**Exercise details**. Would you return each entry exactly as written, omitting any pictures?

**Records provided**.
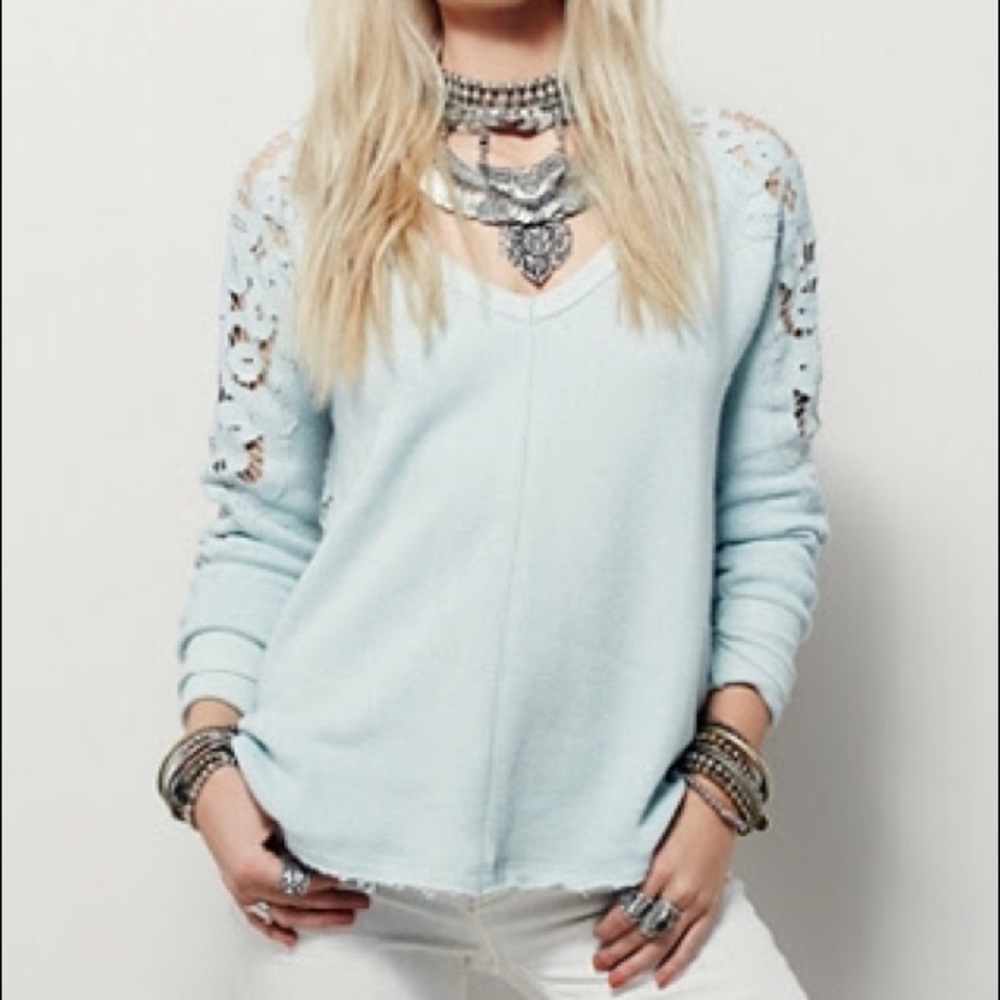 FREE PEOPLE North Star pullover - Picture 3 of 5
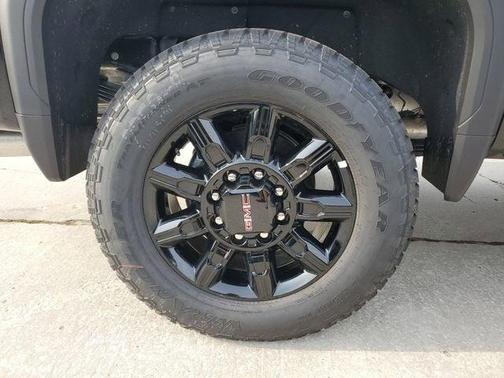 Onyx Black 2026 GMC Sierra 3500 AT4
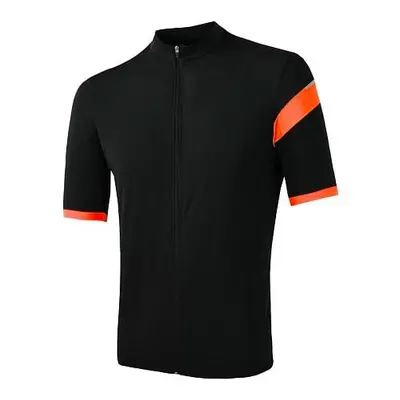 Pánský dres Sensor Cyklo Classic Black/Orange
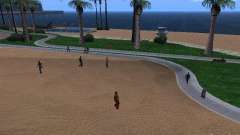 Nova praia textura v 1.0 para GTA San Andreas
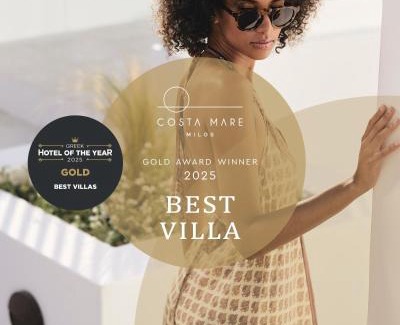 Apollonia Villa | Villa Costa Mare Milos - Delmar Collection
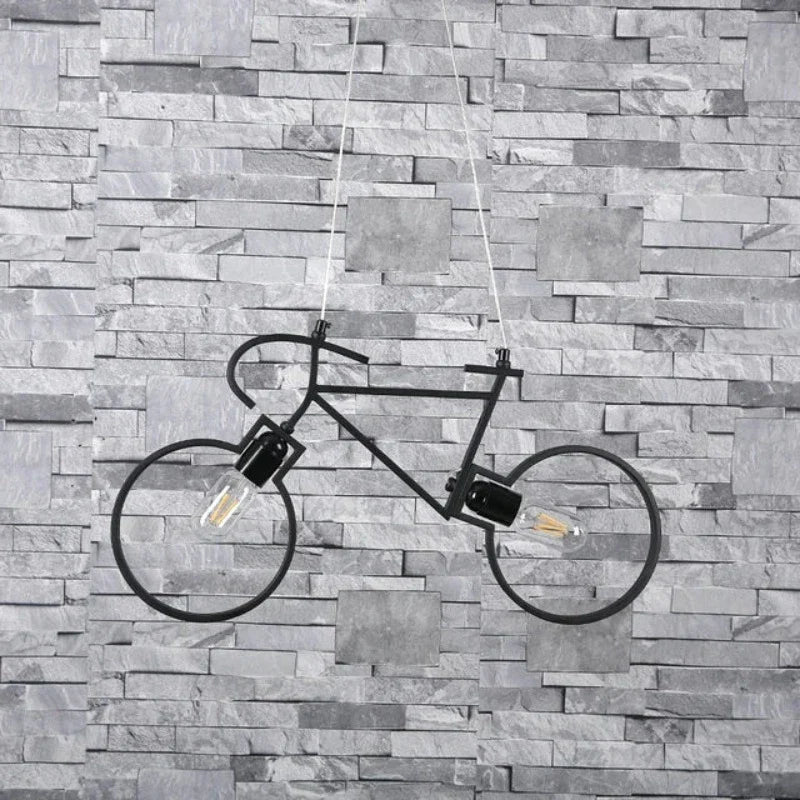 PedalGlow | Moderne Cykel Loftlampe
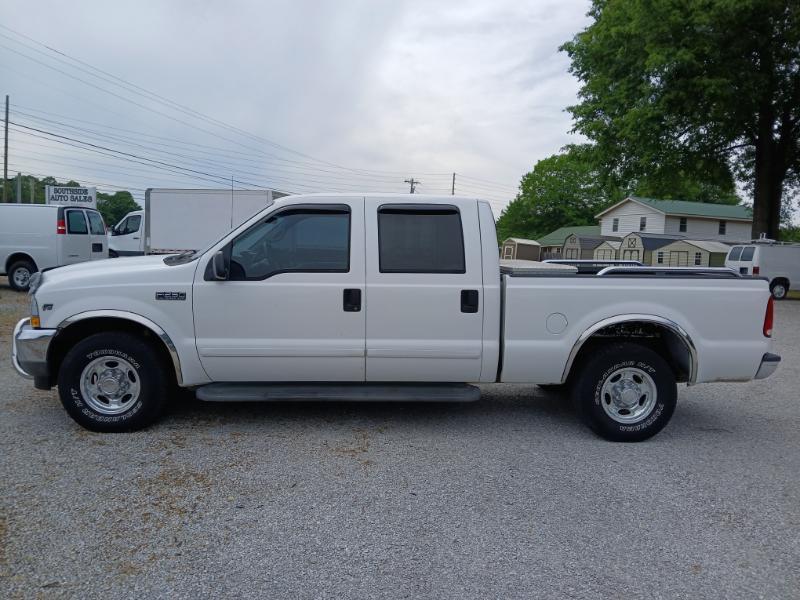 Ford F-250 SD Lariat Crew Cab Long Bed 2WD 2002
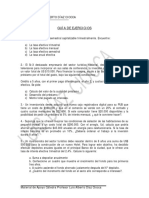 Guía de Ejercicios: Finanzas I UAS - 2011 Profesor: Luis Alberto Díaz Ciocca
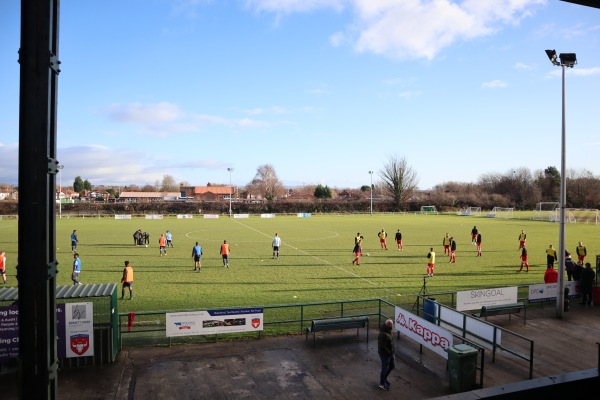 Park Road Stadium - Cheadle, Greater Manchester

**Expected answer**.
 FREE PEOPLE North Star pullover - Picture 3 of 5
 Onyx Black 2026 GMC Sierra 3500 AT4
 Pánský dres Sensor Cyklo Classic Black/Orange
 Nova praia textura v 1.0 para GTA San Andreas
 Apollonia Villa | Villa Costa Mare Milos - Delmar Collection
 PedalGlow | Moderne Cykel Loftlampe
 Ford F-250 SD Lariat Crew Cab Long Bed 2WD 2002
 Guía de Ejercicios: Finanzas I UAS - 2011 Profesor: Luis Alberto Díaz Ciocca
 Park Road Stadium - Cheadle, Greater Manchester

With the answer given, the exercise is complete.